Records to use –
-- Opening Marker --
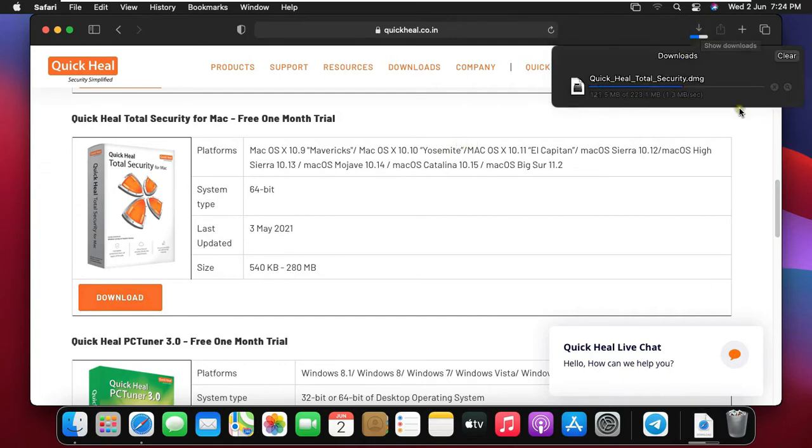Download is started, it will take some time, it depends on your internet speed.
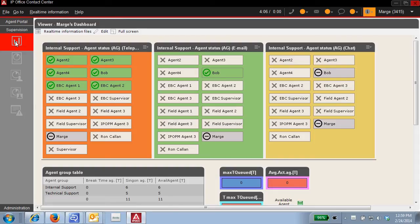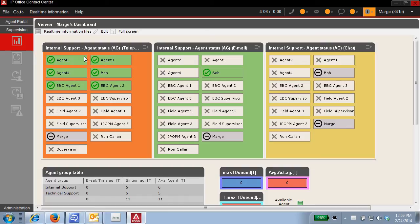There are many functions available for real time reports, like real time reporting per agent for telephony, email, and chat.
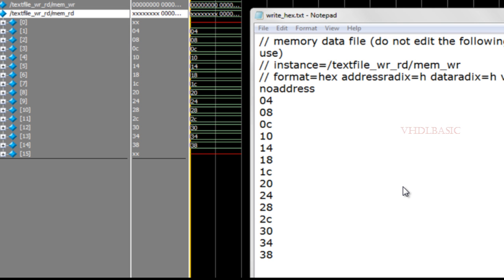Hope you understood the functionality of $writememh, $writememb, $readmemh, and $readmemb. The video also covered the syntax. Thanks for watching — please like, share, and subscribe to this channel for more videos.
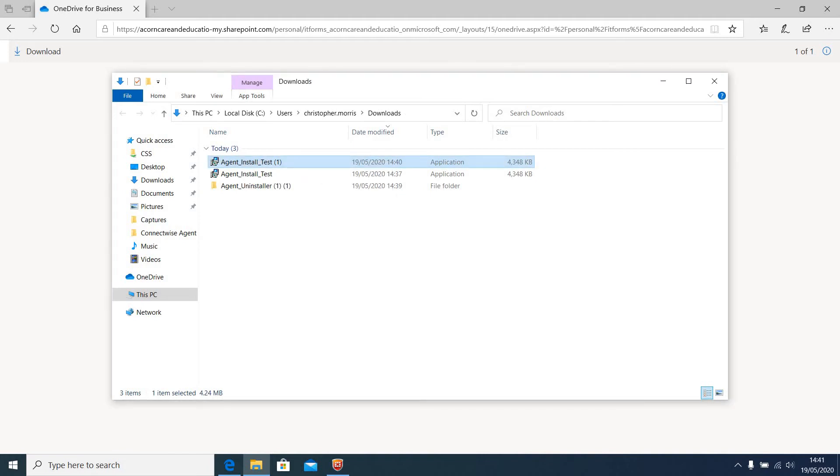On my screen, an administrator prompt has popped up and it will be the same on yours, but you can't see this on this video due to security reasons.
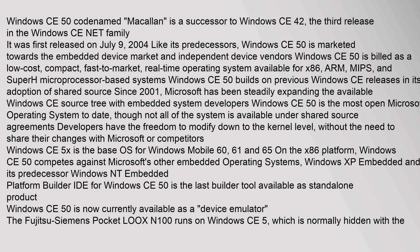Windows CE 5.x is the base OS for Windows Mobile 6.0, 6.1, and 6.5. On the x86 platform, Windows CE 5.0 competes against Microsoft's other embedded operating systems, Windows XP Embedded, and its predecessor Windows NT Embedded. Platform Builder IDE for Windows CE 5.0 is the last builder tool available as a standalone product.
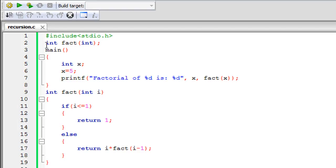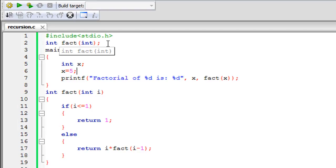Using Code::Blocks, I have saved a file named recursion.c. On line 1 I have the stdio.h header file. What we're going to do in this program is compute the factorial of a number.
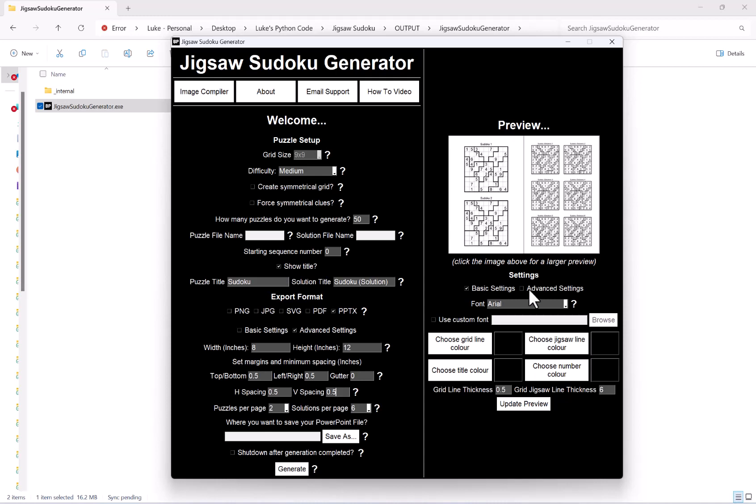Now again, finally, same as before, once I'm all happy with my layout and how it looks, obviously same as before the puzzles per page and solutions per page, all I've got to do again is hit save as, choose where I want to save my PowerPoint file, and then hit generate. So I hope this quick introduction video to the PowerPoint export feature of the Jigsaw Sudoku generator helps you. Thank you for watching.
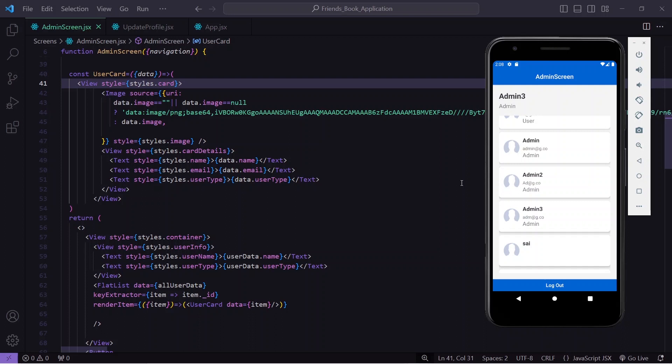That's it for this video — this is how you can fetch details from MongoDB and display them in your React Native application inside the admin home screen. In the next video, I'll add a delete icon so that on pressing it, the user will be deleted and will no longer be able to log in. Stay tuned and let me know in the comments how much you liked this video. Thank you for watching!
-- Closing Marker --
The problem – Exactly as written, copy the entries above without their pictures.

Written solution –
Download is started, it will take some time, it depends on your internet speed.
There are many functions available for real time reports, like real time reporting per agent for telephony, email, and chat.
Hope you understood the functionality of $writememh, $writememb, $readmemh, and $readmemb. The video also covered the syntax. Thanks for watching — please like, share, and subscribe to this channel for more videos.
On my screen, an administrator prompt has popped up and it will be the same on yours, but you can't see this on this video due to security reasons.
Windows CE 5.x is the base OS for Windows Mobile 6.0, 6.1, and 6.5. On the x86 platform, Windows CE 5.0 competes against Microsoft's other embedded operating systems, Windows XP Embedded, and its predecessor Windows NT Embedded. Platform Builder IDE for Windows CE 5.0 is the last builder tool available as a standalone product.
Using Code::Blocks, I have saved a file named recursion.c. On line 1 I have the stdio.h header file. What we're going to do in this program is compute the factorial of a number.
Now again, finally, same as before, once I'm all happy with my layout and how it looks, obviously same as before the puzzles per page and solutions per page, all I've got to do again is hit save as, choose where I want to save my PowerPoint file, and then hit generate. So I hope this quick introduction video to the PowerPoint export feature of the Jigsaw Sudoku generator helps you. Thank you for watching.
That's it for this video — this is how you can fetch details from MongoDB and display them in your React Native application inside the admin home screen. In the next video, I'll add a delete icon so that on pressing it, the user will be deleted and will no longer be able to log in. Stay tuned and let me know in the comments how much you liked this video. Thank you for watching!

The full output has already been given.